Olivier Mouton
Le clash bruxellois des clans Reynders et Moureaux sera décisif pour la Belgique
Le président du MR ne tranche pas: il y aura donc bien deux candidats « disponibles » pour le poste de ministre-président à Bruxelles, Didier Reynders, tête de liste à la Chambre, et Vincent De Wolf, tête de liste à la Région. Charles Michel décidera « le moment venu » si les libéraux sont en position d’entrer au gouvernement bruxellois.
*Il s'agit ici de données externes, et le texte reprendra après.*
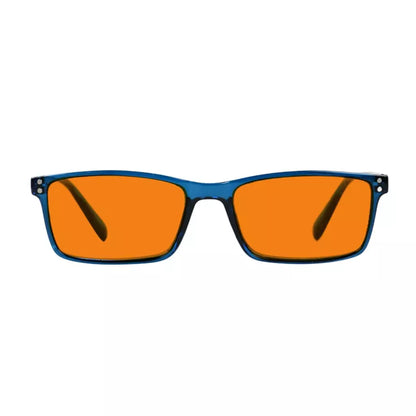 Orange Tinted Blue Light Blocking Reading Glasses Women Men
Dans les rangs libéraux, on brouille même davantage les cartes en disant qu’au final, un troisième homme pourrait être désigné, comme ce fut le cas lorsque François-Xavier de Donnea emporta la mise en 2000 à la surprise générale alors qu’il était bourgmestre de Bruxelles.
Dans les rangs socialistes, le nouveau ministre-président, Rudy Vervoort, tête de liste à la Région, sera candidat à sa propre succession. Laurette Onkelinx, tête de liste à la Chambre, s’est elle aussi déclarée « disponible », mais seulement « s’il fallait y aller ». « La probabilité est nulle, sauf s’il devait arriver quelque chose à Rudy », dit un ponte du PS.
Voilà les forces en présence pour décrocher la place de premier parti bruxellois.
L’enjeu est majeur, pour la capitale mais aussi pour tout le pays. Car si Bruxelles suscite tant de convoitises, c’est en raison de son statut de capitale mais aussi et surtout parce que c’est là que le paysage politique francophone – et par ricochet fédéral… – pourrait se dessiner. Avec, en bout de course, une grande probabilité d’avoir des majorités différentes en Wallonie et à Bruxelles.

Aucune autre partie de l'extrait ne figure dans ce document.